Я наблюдала за пассажирами в вагоне и в какой-то момент неожиданно услышала низкие голоса четырех женщин, которые говорили о чем-то между собой, время от времени срываясь на нецензурную лексику. Профессор Путнам всегда говорила нам, что смерть – это не закрытая дверь и что прошлые жизни навсегда остаются с нами и доступны для изучения в любой момент. Однако присутствие этих женщин стало настолько явным, что перешло границы всякого исторического сострадания. Я попыталась их приглушить.
Что я знала про Андре Боррель? Совсем немного, хотя и собрала воедино все упоминания, которые попались мне в книгах и архивных документах. На фотографиях у нее было решительное лицо, которое в зависимости от освещения казалось то бесстрастным, то красивым. Она рано бросила школу и пошла работать сначала в магазин одежды, а потом в пекарню «Пюжо» на авеню Клебер. Для Матильды и Жюльетт этот район был слишком фешенебельным, зато по соседству располагался немецкий военный штаб. Возможно, Клаус Рихтер приходил в ту самую пекарню, и стоявшая за кассой Андре пробивала ему торт или круассан.
Она ненавидела марионеточное правительство Виши и с презрением наблюдала, как во Францию стекались немцы. Она присоединилась к южной ячейке Сопротивления, а когда нацисты ее раскрыли, сумела бежать в Лондон, где прошла курс подготовки в УСО. На фотографиях того периода она снята в форме и кепке со значком «КМСП», службы медицинских сестер ВС, которая давала прикрытие агентам УСО. Как только Андре приземлилась во Франции, ей тут же поручили опасное задание в тандеме с Френсисом Саттиллом – лидером английской ячейки. Именно он позже называл ее «примером для каждого из нас». Затем она влюбилась в радиста по имени Жильбер Норман. А после предательства группы «Проспер» угодила в парижскую тюрьму. Чтобы не падать духом, она писала письма на папиросной бумаге и упрашивала охранников, чтобы те отправляли их ее сестре.

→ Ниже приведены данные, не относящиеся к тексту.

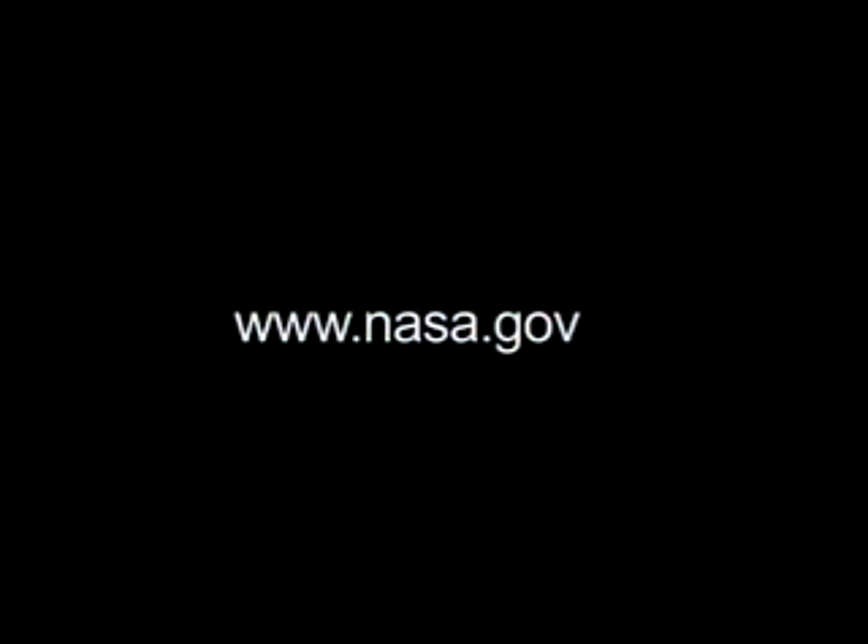For more information about NASA's exploration launch vehicles, visit us on the web at nasa.gov.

Хоть и немногие отдают дань уважения подвигам Андре, она была реальной исторической фигурой. Матильда Массон и Жюльетт Лемар – тоже реальные люди, но о них знает лишь узкий круг историков вроде меня; может, что-то еще помнят их семьи, но не думаю, что им известно больше. Подруга Жюльетт, Жоржетт Шевалье, посвятила свою жизнь Сопротивлению, и о ней вообще не писали в книгах. Позывной «Симона» принадлежал девушке, чьего имени не знал даже Арман, а если и знал, то никогда не открыл его Матильде. Еще, конечно, Клемане… Незнакомка со старинной фотографии, приходившая ко мне во сне. С уверенностью можно сказать лишь то, что во время оккупации она жила в Париже, но чем она занималась на самом деле – тайна, покрытая мраком. Вероятно, мы об этом никогда не узнаем. Историческое, реальное, возможное… Мне приходилось из последних сил хвататься за эти определения.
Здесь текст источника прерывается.